- Born: February 10, 1901 Santa Cruz, California, U.S.
- Died: 1986
- Known for: Work on radar

= Eugene Gardner =

American physicist

Milton Eugene Gardner (February 10, 1901 – 1986) was an American physicist who worked on radar systems at the Radiation Laboratory in Massachusetts.

==Early life==
He was born in Santa Cruz, California.

After spending the first nine years of his life in China, Milton moved with his family to Claremont, California where he completed his elementary and secondary education. In 1924 he received a B.A. degree from Pomona College. While at Pomona, Milton competed in athletics competitions, and became a ventriloquist, and a magician. Gerdener belonged to the International Brotherhood of Magicians.
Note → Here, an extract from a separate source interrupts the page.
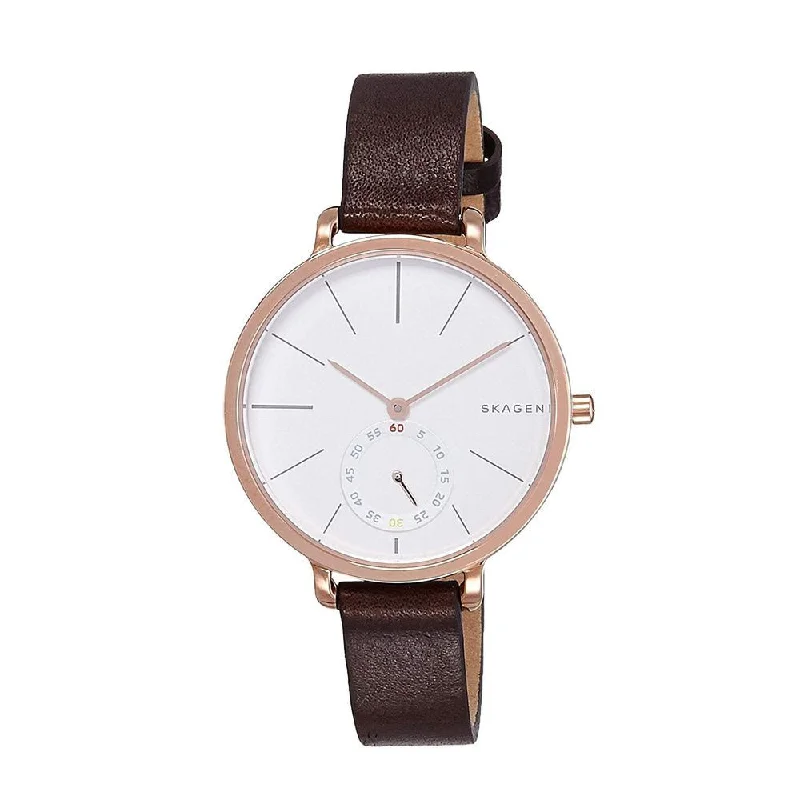 SKAGEN SKW2356 Hagen White Dial Brown Leather Women's Watch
After graduating from college, he worked at several jobs before starting graduate work in physics at UC Berkeley, where he received his M.A. degree in 1934, with a thesis on "The recombination of ions in pure oxygen as a function of pressure and temperature." He received his Ph.D. degree in 1936. In 1937, Milton accepted a position as an "instructor in physics" at the then "Branch of the College of Agriculture at Davis" where he remained until his retirement as professor of physics in 1968.

==Career==
From 1942 to 1946, he joined the MIT Radiation Laboratory in Cambridge, Massachusetts where he helped in the effort to develop and improve the radar systems which were of importance in enabling the Allied Forces to overcome the German and Japanese armies.

Gardner spent the 1955-1956 academic year at the University of Peshawar in Pakistan.

==Death==
Gardner died in 1986 of beryllium poisoning.